When we started the law to build a  crematorium, a lot of people faulted it and  our lawmakers did not have the courage to continue, but somebody helped to set it up in Yaba, where  four or five Ebola victims were cremated. Sawyer would have been a major problem if we did not cremate him. If we didn’t have that in place, it would have been disastrous.

Disease  prevention and control

People think once you built hospital, that is all but it is not so. Building the hospital  constitutes about 20 to 25 percent of healthcare. There are a lot of things happening which people cannot see. For instance, surveillance is a major aspect of public health, because, without that, you cannot trace the emergence of any disease.

Like what I used to say during the Ebola crisis, it was because we had a surveillance system in place that could still be made better; but if we did not have any in place, it would have been very difficult to contain Ebola.
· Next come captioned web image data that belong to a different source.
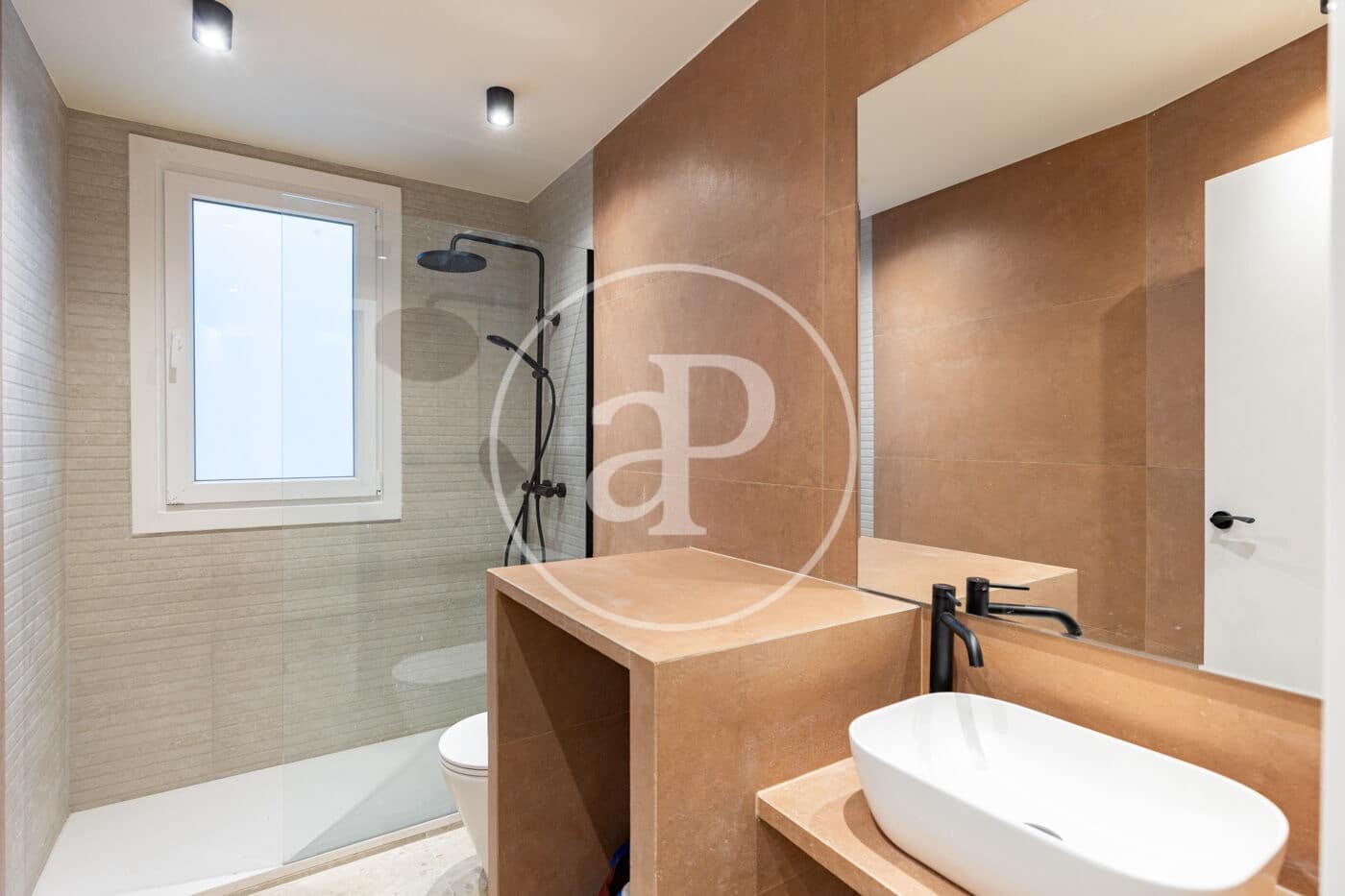 3 bedroom Apartment for sale in Barcelona city - € 415,000 (Ref: 10078164)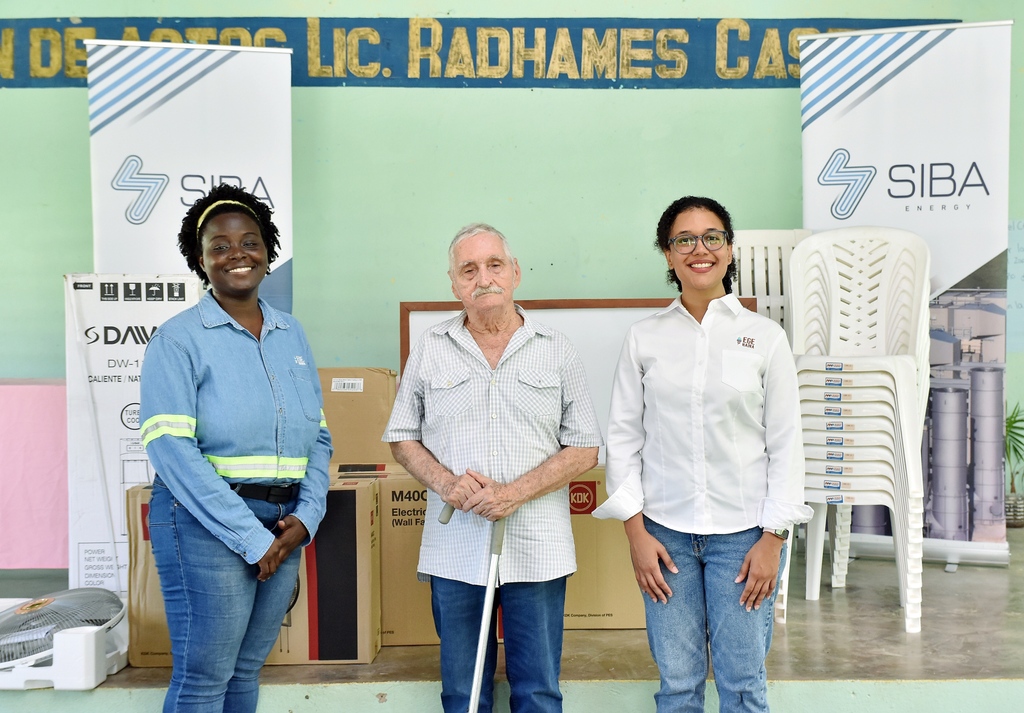 EGEHAINA's tweet photo. El pasado 31 de octubre, representantes de la mesa de diálogo y líderes comunitarios del municipio de Boca Chica, asistieron a la entrega de mobiliarios al Club Montero Gómez y de las baterías para el destacamento de la policía. https://t.co/FbeERQYXBH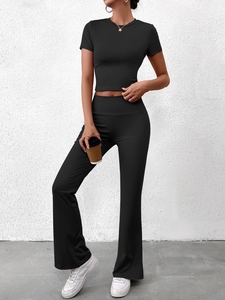 Détail d'un ensemble haut court et pantalon évasé noir en tissu de soie de lait élastique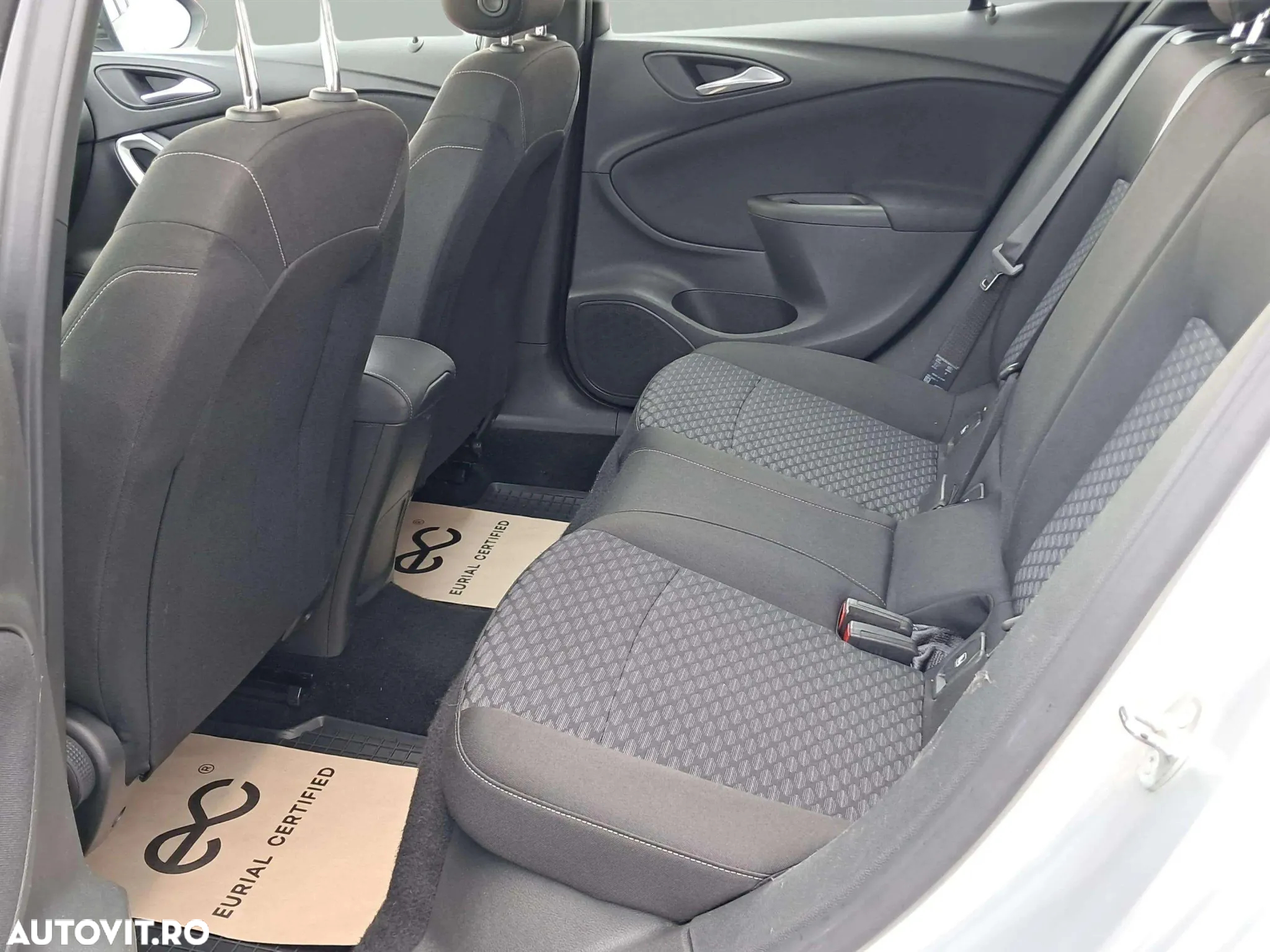 Opel Astra 1.5 Start/Stop Edition - 9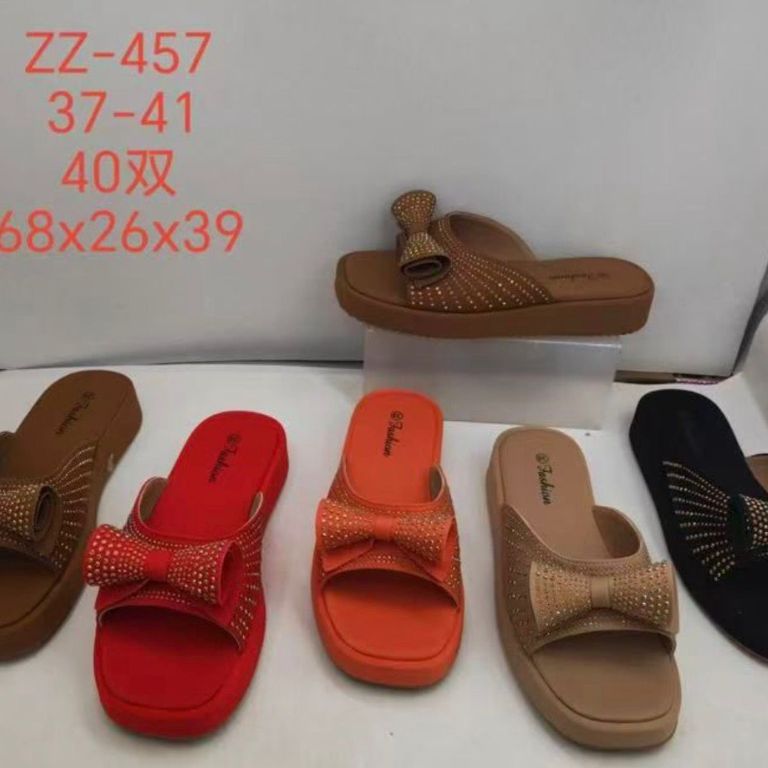 chaussure pour femme de différentes couleurs et pièce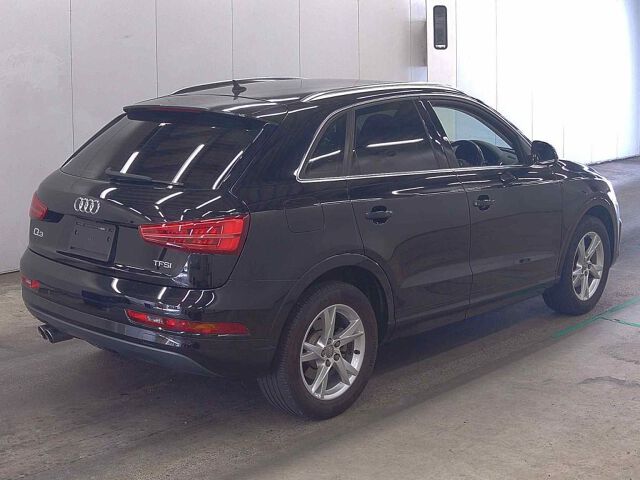 2016 Audi Q3 1.4 TFSI Sport auction photo 5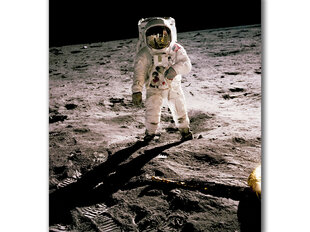 Reproduktsioon Edwin Aldrini Kuu peal, 100x70 cm hind ja info | Seinapildid | kaup24.ee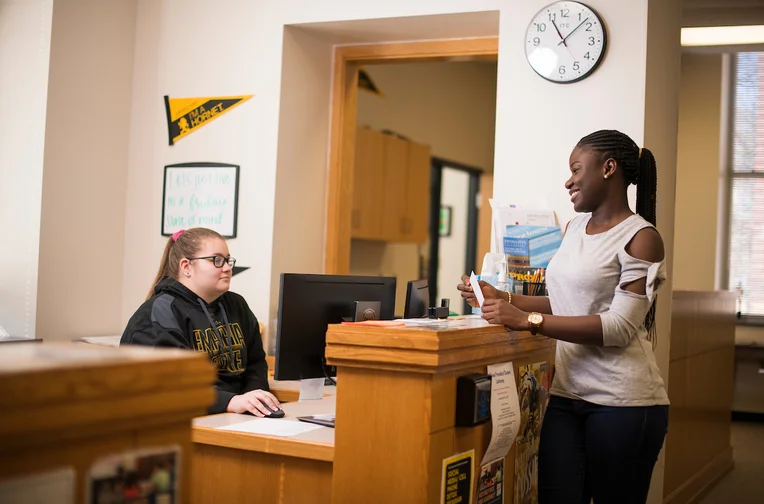 Student visiting Student Advising Center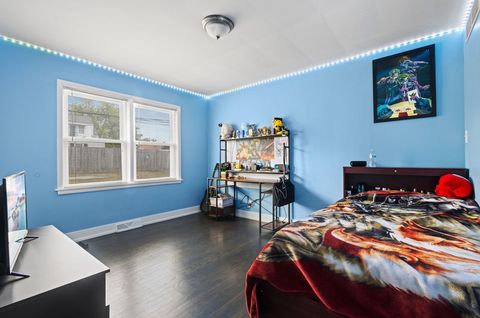 Tiny photo for 251 W 10th Street, Chicago Heights, IL 60411 (MLS # 12416490)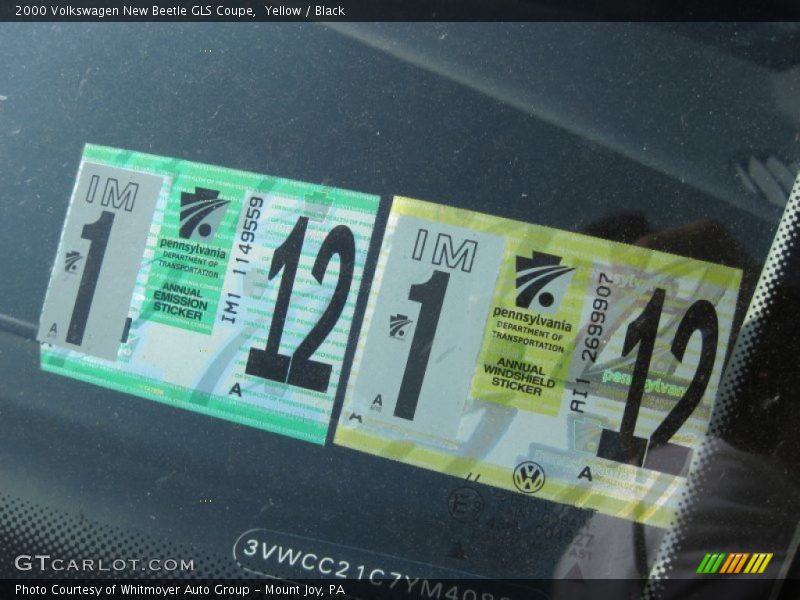 Yellow / Black 2000 Volkswagen New Beetle GLS Coupe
Six months before Ebola struck, they released a dam in Ogun State that flooded Ajegunle area towards Epe. The water was supposed to go down to the ocean but the ocean  level was high; so the water did not go. All of a sudden, we started getting reports from that area of cholera cases, it was our surveillance system that made us to understand that the flood had  mixed with sewage among other things and  that was the cause of the cholera;  so we had to move our health educators  to contain it without making noise.

World class hospital

It is about time we built one. Cardiac centre supposed to be something like that, but there is  space problem. There is a space we earmarked for cancer centre, but if you start building now and intend to staff later, you need oncology. Meanwhile, how many oncologists do we have in Nigeria? How many of our specialists  can read  scan. A lot of people have to be trained; that is why I said let people from outside who understand it do it so that we can use that to build capacity.

If you look at Amuwo Odofin, that large expanse of land is for a General Hospital, but because of pressure, we put up an MCC there to cater for mother  and child. There is the issue of Ojo not having a General Hospital. If Lagos State has land, I can assure that what will be there will be a properly designed General Hospital.